Deus diz, através do profeta:

"Entregarei os homens que transgrediram a minha aliança e não cumpriram os termos da aliança que fizeram diante de mim, quando cortaram o bezerro em dois e passaram entre as suas partes... sim, eu os entregarei nas mãos de seus inimigos... Seus cadáveres servirão de comida para as aves do céu e para os animais da terra." (Jeremias 34:18-20)

Esta passagem é a chave: ela confirma que caminhar entre as peças era um juramento, e a penalidade por quebrá-lo era a morte, espelhando o destino dos animais.

O Evento Central: A Aliança com Abraão (Gênesis 15)

Em Gênesis 15, Deus promete a Abraão descendência e a terra de Canaã. Abraão, buscando segurança nessa promessa, pergunta: "Senhor DEUS, como saberei que hei de possuí-la?" (Gênesis 15:8).

Em resposta, Deus não oferece uma palavra, mas instrui Abraão a realizar esta exata cerimônia de "cortar uma aliança".

A Preparação (Gênesis 15:9-10): Abraão traz uma novilha, uma cabra, um carneiro, uma rola e um pombinho. Ele corta os animais maiores ao meio e organiza as metades, criando o "caminho de sangue".

O Sono de Abraão (Gênesis 15:12): Quando o sol está se pondo, um "sono profundo" e uma "densa escuridão" caem sobre Abraão. Ele é colocado em um estado de total passividade. Ele não pode andar, não pode fazer juramentos.

A Ação de Deus (Gênesis 15:17): Ocorre o momento mais crucial da aliança. Abraão, adormecido, é uma testemunha passiva do que acontece a seguir:

"E sucedeu que, posto o sol, houve densas trevas; e eis um fogareiro fumegante e uma tocha de fogo, que passaram por entre aqueles pedaços." (Gênesis 15:17)

A Interpretação Teológica: Deus Assume a Penalidade

O fogareiro fumegante e a tocha de fogo são uma teofania (uma manifestação visível de Deus, assim como a coluna de fogo no Êxodo ou a sarça ardente).

No ritual padrão, ambas as partes deveriam caminhar pelo caminho de sangue. No entanto, em Gênesis 15, Abraão (a parte humana, a parte menor, a parte que inevitavelmente falhará) está adormecido. Somente Deus passa entre as peças.

O significado teológico é profundo:

* Deus não está apenas fazendo Sua promessa ("Eu cumprirei minha parte").

* Ao passar sozinho, Deus está assumindo unilateralmente ambos os lados do juramento. Ele está tomando o lugar de Abraão.

* Deus está efetivamente dizendo: "Eu juro por mim mesmo. Eu cumprirei Minha promessa de bênção. E se esta aliança for quebrada – não 'se Eu a quebrar', mas 'se ela for quebrada' (por você, Abraão, ou seus descendentes) – Eu assumirei a penalidade. Que o que aconteceu a estes animais aconteça a Mim. Eu pagarei. Eu morrerei."

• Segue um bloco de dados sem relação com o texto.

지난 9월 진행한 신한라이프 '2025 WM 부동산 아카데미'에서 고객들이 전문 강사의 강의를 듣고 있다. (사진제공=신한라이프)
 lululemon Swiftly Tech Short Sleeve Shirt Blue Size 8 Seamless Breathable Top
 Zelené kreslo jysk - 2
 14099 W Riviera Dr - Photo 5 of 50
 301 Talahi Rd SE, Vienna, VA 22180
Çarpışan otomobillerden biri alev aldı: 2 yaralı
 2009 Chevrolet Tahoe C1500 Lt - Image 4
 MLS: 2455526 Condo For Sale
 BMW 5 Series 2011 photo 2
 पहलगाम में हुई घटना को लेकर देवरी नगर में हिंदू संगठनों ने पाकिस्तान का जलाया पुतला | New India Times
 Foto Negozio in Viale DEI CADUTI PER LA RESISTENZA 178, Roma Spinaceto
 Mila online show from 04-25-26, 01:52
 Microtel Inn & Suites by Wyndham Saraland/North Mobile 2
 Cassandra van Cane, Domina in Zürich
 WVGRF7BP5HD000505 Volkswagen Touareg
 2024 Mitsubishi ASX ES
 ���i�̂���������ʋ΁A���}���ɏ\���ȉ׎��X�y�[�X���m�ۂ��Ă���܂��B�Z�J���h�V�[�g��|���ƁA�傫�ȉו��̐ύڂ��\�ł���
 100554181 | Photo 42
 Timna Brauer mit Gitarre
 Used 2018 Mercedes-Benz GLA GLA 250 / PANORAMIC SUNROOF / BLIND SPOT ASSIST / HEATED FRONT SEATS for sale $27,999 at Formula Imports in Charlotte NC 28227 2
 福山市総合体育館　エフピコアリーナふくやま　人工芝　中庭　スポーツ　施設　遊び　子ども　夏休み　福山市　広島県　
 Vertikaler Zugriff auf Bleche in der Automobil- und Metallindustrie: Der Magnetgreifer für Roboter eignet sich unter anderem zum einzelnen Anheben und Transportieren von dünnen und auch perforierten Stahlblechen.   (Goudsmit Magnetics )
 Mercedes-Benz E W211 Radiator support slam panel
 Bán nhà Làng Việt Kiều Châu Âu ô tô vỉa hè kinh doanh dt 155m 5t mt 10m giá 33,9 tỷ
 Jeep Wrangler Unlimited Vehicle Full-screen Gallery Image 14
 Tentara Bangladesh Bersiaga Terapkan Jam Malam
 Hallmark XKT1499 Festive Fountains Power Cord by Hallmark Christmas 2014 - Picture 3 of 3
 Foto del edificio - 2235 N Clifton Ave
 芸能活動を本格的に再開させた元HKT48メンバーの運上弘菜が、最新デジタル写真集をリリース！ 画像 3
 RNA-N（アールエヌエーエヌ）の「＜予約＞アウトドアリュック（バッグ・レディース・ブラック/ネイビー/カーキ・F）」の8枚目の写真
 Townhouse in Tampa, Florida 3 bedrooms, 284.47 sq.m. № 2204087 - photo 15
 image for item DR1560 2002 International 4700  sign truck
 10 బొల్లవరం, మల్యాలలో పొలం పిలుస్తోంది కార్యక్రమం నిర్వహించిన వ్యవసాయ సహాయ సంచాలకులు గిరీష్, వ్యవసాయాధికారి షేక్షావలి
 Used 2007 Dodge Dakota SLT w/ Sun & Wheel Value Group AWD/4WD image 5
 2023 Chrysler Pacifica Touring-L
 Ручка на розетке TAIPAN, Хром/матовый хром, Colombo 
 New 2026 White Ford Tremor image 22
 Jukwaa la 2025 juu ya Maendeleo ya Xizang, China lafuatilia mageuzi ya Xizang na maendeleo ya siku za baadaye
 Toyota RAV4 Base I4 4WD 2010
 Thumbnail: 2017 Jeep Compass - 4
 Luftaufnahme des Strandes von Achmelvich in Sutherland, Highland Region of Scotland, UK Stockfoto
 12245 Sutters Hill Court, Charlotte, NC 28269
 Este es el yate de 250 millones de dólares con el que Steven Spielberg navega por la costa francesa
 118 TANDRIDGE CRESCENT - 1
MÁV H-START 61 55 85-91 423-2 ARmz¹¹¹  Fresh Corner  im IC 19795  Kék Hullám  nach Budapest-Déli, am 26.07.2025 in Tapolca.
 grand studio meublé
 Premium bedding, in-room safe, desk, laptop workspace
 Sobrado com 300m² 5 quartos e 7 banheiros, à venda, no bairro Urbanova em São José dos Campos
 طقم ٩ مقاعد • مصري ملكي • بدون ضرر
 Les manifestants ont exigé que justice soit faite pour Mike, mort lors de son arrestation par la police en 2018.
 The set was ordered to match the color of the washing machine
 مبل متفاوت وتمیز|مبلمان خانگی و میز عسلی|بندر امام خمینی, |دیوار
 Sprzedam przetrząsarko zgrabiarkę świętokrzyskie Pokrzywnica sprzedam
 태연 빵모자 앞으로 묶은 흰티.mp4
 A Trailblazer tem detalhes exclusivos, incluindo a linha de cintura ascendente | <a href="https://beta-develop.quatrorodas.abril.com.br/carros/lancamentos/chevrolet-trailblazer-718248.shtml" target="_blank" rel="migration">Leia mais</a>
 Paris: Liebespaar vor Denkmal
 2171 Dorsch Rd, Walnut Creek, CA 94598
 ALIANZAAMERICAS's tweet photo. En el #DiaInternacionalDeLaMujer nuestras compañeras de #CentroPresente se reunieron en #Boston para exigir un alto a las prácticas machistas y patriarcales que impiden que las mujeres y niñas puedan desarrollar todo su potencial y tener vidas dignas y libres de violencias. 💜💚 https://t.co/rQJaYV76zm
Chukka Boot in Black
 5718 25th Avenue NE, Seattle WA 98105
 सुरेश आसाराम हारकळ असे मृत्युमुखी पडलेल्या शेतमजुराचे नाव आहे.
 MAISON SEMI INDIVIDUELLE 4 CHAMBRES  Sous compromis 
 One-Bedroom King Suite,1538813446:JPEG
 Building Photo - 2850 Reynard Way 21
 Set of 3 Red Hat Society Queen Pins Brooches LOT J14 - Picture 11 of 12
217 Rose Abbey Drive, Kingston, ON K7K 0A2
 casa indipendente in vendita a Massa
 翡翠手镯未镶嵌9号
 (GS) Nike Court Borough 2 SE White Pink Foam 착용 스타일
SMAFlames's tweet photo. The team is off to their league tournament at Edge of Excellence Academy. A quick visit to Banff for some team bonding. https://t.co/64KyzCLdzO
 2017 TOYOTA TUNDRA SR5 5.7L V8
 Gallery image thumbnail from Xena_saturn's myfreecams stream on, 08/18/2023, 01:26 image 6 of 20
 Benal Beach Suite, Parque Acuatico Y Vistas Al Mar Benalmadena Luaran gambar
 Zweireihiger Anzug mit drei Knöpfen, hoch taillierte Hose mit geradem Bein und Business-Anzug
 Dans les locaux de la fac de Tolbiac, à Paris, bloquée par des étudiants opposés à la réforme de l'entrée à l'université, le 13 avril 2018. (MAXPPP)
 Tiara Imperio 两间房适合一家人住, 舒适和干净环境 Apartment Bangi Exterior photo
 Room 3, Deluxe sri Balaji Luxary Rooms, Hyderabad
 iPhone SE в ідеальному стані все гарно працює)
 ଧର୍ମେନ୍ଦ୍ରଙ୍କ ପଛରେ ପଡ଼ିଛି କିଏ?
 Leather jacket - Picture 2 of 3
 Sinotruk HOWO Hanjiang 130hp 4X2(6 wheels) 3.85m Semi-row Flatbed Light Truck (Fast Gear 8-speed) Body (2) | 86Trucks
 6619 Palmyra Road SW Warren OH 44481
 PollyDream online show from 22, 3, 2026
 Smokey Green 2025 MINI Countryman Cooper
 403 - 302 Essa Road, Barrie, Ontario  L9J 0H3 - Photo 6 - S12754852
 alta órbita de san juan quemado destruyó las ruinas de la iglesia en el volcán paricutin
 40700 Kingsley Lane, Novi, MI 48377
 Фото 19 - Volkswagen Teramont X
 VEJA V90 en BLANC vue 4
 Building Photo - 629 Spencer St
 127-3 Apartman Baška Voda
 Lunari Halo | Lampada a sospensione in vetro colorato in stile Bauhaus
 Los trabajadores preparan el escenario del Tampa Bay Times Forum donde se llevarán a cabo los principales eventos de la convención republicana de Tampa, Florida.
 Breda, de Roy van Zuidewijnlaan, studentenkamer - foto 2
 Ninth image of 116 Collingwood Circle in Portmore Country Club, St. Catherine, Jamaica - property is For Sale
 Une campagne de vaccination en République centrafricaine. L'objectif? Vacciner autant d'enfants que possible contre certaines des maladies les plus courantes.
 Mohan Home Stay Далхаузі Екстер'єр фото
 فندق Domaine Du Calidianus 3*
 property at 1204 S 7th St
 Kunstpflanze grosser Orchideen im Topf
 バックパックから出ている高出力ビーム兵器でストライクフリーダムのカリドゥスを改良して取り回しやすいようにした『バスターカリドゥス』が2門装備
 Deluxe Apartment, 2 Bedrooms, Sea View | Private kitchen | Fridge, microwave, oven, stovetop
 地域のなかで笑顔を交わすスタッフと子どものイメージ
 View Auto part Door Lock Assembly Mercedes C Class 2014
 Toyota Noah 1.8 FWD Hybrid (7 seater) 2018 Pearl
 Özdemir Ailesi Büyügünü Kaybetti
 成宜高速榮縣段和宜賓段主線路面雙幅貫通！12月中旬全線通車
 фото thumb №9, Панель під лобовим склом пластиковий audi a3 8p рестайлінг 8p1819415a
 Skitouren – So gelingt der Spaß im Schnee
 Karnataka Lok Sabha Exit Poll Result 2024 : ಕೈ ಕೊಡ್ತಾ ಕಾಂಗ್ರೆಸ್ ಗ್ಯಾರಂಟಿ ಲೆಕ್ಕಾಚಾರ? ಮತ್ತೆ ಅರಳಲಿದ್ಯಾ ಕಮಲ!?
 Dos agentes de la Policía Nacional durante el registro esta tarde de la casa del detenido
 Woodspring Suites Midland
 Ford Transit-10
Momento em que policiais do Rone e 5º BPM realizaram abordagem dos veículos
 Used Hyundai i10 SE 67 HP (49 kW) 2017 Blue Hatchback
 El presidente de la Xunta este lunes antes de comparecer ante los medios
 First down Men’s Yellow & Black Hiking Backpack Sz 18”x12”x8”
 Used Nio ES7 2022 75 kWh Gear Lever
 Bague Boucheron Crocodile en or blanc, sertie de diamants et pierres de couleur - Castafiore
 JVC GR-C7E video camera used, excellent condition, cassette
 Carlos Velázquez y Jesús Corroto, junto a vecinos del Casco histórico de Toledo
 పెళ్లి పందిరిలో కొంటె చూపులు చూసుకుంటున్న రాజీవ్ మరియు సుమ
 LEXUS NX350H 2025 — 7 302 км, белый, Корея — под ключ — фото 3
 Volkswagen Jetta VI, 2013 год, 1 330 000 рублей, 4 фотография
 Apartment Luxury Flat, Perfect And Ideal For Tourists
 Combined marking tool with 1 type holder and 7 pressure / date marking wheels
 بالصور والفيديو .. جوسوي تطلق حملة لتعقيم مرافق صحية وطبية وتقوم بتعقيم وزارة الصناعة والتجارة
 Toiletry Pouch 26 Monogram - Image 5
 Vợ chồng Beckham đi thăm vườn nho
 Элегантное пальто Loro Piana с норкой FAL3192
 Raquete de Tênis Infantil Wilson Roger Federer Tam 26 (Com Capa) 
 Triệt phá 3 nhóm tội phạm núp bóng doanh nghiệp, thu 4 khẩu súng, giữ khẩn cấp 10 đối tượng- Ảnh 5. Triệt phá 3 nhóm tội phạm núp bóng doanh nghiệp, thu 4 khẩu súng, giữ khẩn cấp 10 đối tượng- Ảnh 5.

Vários acadêmicos e teólogos articulam essa visão. O historiador bíblico Ray Vander Laan explica que Deus, sabendo que Abraão e seus descendentes não poderiam guardar a aliança perfeitamente, "efetivamente disse: 'Se ou você ou Eu quebrar esta aliança, Eu pagarei por ela com Meu próprio sangue'".

O proeminente teólogo do Antigo Testamento, Walter Brueggemann, ao comentar sobre Gênesis 15, observa a natureza radical deste ato. Ele sugere que, para Deus (que não pode morrer) fazer tal juramento, "teria que significar que Deus encontraria uma maneira de morrer... para manter a promessa".

O Cumprimento: A Morte do Messias

A história bíblica subsequente é o registro da falha humana em manter a aliança (o pecado de Israel e de toda a humanidade). A penalidade da aliança, a morte (conforme simbolizado pelos animais e afirmado em Jeremias 34), tornou-se devida.

A morte de Jesus na cruz é, portanto, interpretada como o cumprimento literal daquele juramento. É Deus, encarnado como o Messias, "caminhando pelo caminho de sangue" em favor da humanidade. Ele se torna o sacrifício, pagando a penalidade da aliança quebrada para que a promessa da bênção de Deus a Abraão pudesse ser mantida e estendida a todas as nações.